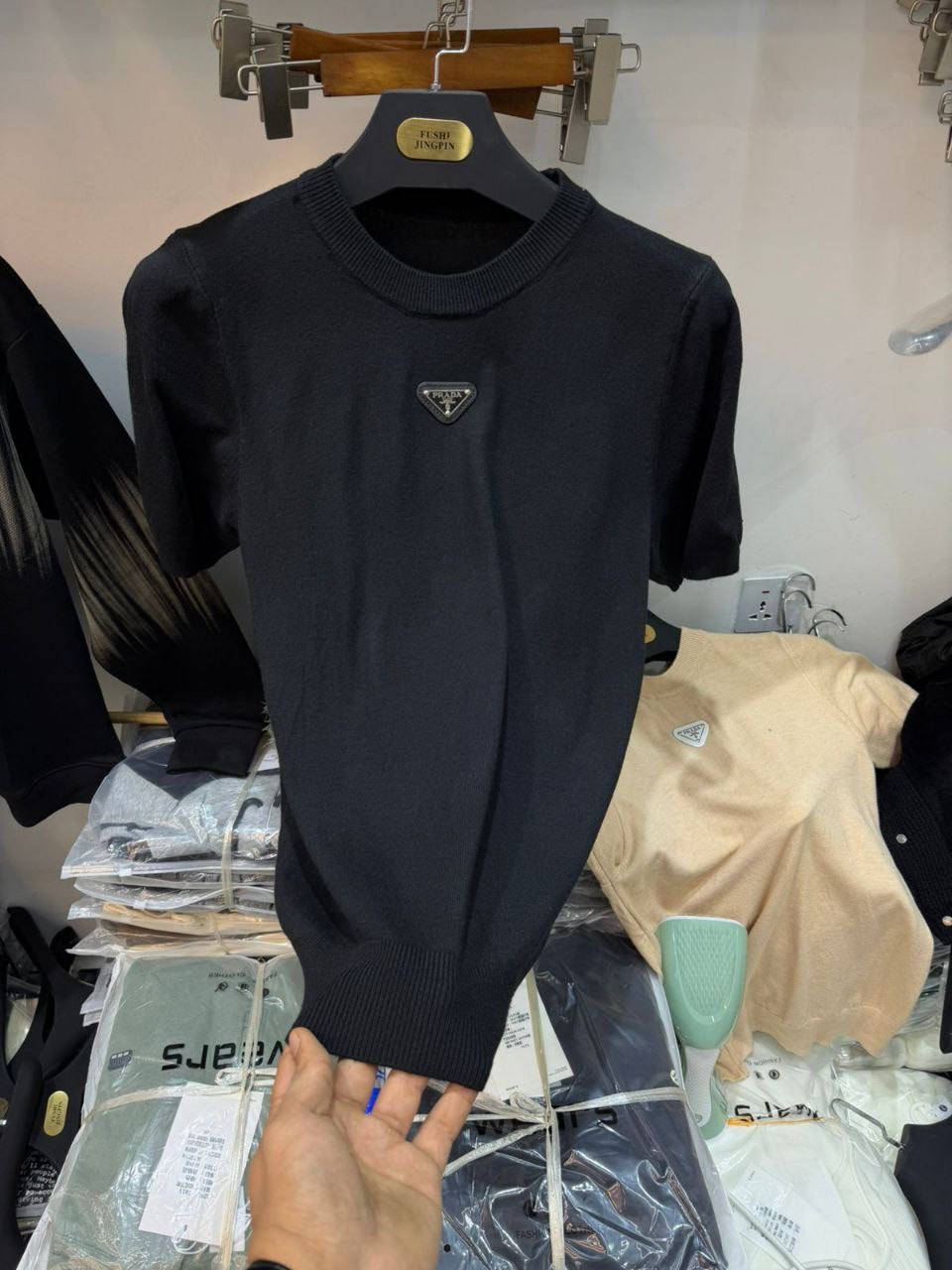 🔥ياالله آللهم صلي على محمد وآل محمد🔥
تريكو  صيني.  PRADA.  فول. ليكرا 

اسود + بيجي
8 آلاف 🔥

قياسات xl - 4xl

السيري 4 قطع سعر سيري 32 ألف فقط

ألشد 16. قطعة 2. أسود. +. 2. بيجي. 130. ألف فقط


**إذا كنت صاحب هذا الإعلان وتريد حذفه لأي سبب، رجاءا أرسل رسالة إلى الدعم الفني**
────────────────────────────────────────
The answer must consist of each line from the data that includes the string "بيجي".

Output for this task:
اسود + بيجي
ألشد 16. قطعة 2. أسود. +. 2. بيجي. 130. ألف فقط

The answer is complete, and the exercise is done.